At the end of the first quarter, our debt-to-trailing 12 months EBITDAX was 3 times. Our long-term objective continues to be to drive debt-to-EBITDAX towards 2.5 times. We expect that proceeds from the sale of our Powder Deep Oil Program assets during 2014 will fund a significant portion of our capital expenditure program requirements.

From a leverage perspective, proceeds from the sale of the Powder Deep assets will serve to keep our long-term debt in line, while the sale of an early-stage growing asset will have a relatively small impact on operating cash flow. In the first quarter, field level cash flow from Powder Deep is less than 10% of our total field level cash flow.

Looking forward, our 2014 guidance remains unchanged. Capital expenditure guidance for the year remains at $500 million to $550 million with about 75% of the capital allocated to the DJ Basin. Our 2014 development program assumes an average of three to four rigs in the DJ Basin and one to two rigs in the Uinta Basin, a drill will participate in approximately 190 gross or 100 net wells.

Production guidance for 2014 remains between 11 million and 12.2 million barrels of oil equivalent and is expected to include at least 30% growth in oil production. As a reminder, our production guidance reflects production growth that is weighted to the second half of 2014.

For the second quarter of 2014, we expect total production in a range between 2.4 million and 2.7 million barrels of oil equivalent and our internal plan assumes oil production to be approximately 38% to 40% of total second quarter production with yields approximately 1 million barrel of oil sales for the quarter.

Our second quarter production estimates incorporate a refinery maintenance turnaround in the Uinta Basin that began in late March and continued through late April. As a result, we are unable to find other markets for all of our black wax oil production, which caused eight to 10 wells, including some new wells to be shut-in for the better part of April.

However, as discussed by Scot, we have recently entered into a marketing agreement for an additional 4,500 barrels a day of black wax oil in the Uinta oil project which should alleviate this issue going forward.

With that, we have completed our prepared remarks and we’ll open up the line for questions.

Question-and-Answer Session

Operator

(Operator Instructions) Your first question comes from the line of Jason Wangler with Wunderlich Securities. Please proceed.

Jason Wangler - Wunderlich Securities

Scot, just curious in -- and obviously, with the weather issues, you give us the well spud during the quarter up in the DJ, specifically. Do you have an idea of what that number was from a completion standpoint, what were you able to complete during the quarter?

Scot Woodall

I’m looking around the room, Jason. They’ll get it here or either Jennifer will follow up with you, but it’s in the 15 to 20 range.
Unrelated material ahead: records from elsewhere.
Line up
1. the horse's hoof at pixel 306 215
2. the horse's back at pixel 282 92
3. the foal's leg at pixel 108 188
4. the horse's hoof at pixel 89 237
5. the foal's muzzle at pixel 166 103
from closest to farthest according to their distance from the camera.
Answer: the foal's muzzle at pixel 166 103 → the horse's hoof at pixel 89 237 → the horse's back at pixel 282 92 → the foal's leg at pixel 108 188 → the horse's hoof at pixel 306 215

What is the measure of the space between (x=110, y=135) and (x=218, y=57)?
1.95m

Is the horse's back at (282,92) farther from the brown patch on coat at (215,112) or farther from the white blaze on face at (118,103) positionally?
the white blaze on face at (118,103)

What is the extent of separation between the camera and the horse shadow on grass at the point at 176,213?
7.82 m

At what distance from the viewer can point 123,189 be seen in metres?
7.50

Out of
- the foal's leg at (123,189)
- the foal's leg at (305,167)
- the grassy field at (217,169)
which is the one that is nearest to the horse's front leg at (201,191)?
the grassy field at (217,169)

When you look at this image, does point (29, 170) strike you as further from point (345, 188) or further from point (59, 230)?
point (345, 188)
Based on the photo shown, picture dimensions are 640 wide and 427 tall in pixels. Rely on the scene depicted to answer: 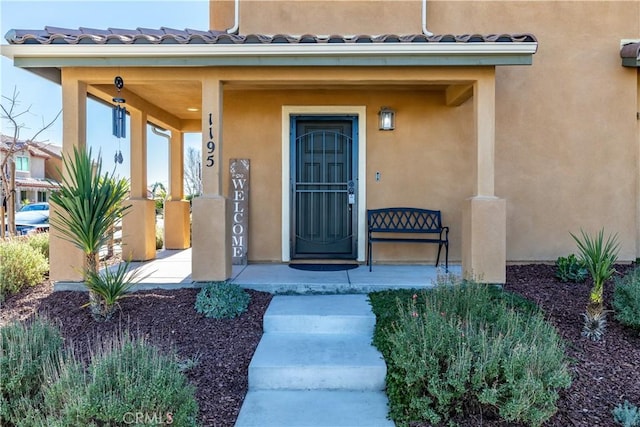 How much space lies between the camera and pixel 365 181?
20.2ft

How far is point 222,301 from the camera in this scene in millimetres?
4066

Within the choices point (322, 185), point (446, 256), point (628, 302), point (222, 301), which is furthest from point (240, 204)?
point (628, 302)

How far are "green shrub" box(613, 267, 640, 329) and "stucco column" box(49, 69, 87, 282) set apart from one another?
5.87 m

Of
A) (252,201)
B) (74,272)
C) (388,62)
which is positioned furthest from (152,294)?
(388,62)

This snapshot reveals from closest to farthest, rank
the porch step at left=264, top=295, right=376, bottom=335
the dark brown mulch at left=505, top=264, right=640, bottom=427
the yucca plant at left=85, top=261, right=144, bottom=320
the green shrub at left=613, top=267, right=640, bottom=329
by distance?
the dark brown mulch at left=505, top=264, right=640, bottom=427 → the green shrub at left=613, top=267, right=640, bottom=329 → the porch step at left=264, top=295, right=376, bottom=335 → the yucca plant at left=85, top=261, right=144, bottom=320

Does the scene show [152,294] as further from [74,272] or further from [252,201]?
[252,201]

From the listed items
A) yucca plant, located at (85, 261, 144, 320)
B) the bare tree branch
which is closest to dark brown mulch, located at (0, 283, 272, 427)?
yucca plant, located at (85, 261, 144, 320)

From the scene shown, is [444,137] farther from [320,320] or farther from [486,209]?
[320,320]

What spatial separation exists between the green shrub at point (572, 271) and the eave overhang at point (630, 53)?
10.7 feet

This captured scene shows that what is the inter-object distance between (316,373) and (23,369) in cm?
202

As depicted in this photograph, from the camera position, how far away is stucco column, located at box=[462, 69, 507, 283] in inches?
186

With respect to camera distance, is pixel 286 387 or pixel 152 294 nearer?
pixel 286 387

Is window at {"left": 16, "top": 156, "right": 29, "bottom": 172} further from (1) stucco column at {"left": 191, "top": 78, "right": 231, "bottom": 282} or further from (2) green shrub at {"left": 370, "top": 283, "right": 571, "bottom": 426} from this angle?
(2) green shrub at {"left": 370, "top": 283, "right": 571, "bottom": 426}

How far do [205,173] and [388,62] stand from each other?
2536 millimetres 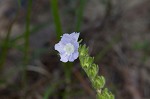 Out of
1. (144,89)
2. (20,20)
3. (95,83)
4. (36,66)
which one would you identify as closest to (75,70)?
(36,66)

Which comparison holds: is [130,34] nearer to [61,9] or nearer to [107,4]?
[107,4]

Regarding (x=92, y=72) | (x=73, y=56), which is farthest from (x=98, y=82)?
(x=73, y=56)

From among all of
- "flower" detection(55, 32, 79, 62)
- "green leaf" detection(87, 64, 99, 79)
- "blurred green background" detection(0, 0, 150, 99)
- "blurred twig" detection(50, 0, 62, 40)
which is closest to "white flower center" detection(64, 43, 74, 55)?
"flower" detection(55, 32, 79, 62)

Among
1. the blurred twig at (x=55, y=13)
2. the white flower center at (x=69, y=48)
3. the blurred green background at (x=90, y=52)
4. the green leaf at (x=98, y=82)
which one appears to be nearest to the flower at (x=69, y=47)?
the white flower center at (x=69, y=48)

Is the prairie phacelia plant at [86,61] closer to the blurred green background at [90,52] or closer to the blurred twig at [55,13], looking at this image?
the blurred twig at [55,13]

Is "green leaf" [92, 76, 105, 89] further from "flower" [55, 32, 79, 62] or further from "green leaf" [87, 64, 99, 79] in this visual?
"flower" [55, 32, 79, 62]

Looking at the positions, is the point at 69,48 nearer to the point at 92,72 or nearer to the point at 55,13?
the point at 92,72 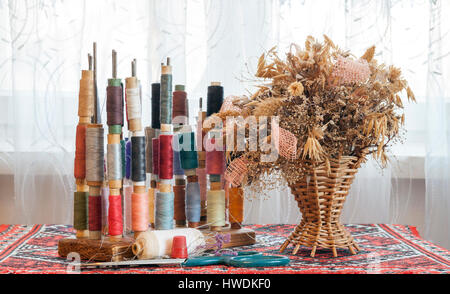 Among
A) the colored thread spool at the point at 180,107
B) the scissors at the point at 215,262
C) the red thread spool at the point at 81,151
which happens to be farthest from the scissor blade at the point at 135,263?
the colored thread spool at the point at 180,107

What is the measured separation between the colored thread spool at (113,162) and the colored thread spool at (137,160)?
0.10ft

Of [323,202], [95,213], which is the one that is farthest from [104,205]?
[323,202]

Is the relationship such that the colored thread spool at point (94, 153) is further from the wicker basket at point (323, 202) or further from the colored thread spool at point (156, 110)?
the wicker basket at point (323, 202)

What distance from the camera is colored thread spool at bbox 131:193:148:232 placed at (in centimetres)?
96

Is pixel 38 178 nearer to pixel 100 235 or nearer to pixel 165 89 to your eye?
pixel 100 235

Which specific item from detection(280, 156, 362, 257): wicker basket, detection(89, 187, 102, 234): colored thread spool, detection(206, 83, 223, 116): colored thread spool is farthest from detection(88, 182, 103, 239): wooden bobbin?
detection(280, 156, 362, 257): wicker basket

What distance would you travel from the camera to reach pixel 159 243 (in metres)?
0.91

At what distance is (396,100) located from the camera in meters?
0.96

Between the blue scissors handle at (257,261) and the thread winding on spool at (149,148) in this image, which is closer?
the blue scissors handle at (257,261)

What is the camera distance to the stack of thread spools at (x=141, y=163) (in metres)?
0.96

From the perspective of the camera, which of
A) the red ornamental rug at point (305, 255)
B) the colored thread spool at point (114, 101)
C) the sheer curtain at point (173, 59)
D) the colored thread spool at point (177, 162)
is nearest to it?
the red ornamental rug at point (305, 255)

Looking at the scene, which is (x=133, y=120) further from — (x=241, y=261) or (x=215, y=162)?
(x=241, y=261)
Jason Wangler - Wunderlich Securities

That's throughout the quarter? Was that more back-end loaded or I assume, because the weather obviously was pretty bad to start, was that mostly maybe even second half of the quarter or is there any idea?

Scot Woodall

Yes, absolutely.

Jason Wangler - Wunderlich Securities

And then just the contract in the Uinta, you say it’s kind of a similar type price. I assume that's that 15%-ish type discount and that just basically allows you to obviously have a firm place to put all the oil. Do you think that's enough for this year? Do you have a good line of sight as far as being able to put all the oil away up in the Uinta going forward?

Scot Woodall

Obviously, the 4,500 barrels is a good first step. We are in discussions for some additional capacity out there as well. Those deals just have not been consummated yet. We’re still in the negotiating phases there. We’re just trying to make sure that -- if we’re going to spend D&C capital dollars out there, that we have a market for the oil.

Looking at the East Bluebell results, they look great. The published type curve we had out there for -- with a 60% internal rate of return, and if you’re beating it from an EUR standpoint and you’re beating it from a cost standpoint, it’s going to improve upon that even further provided that we can market the oil. So the marketing seems like it’s coming together. This is the first contract and I’m pretty excited that is going to materialize into an excellent asset for us.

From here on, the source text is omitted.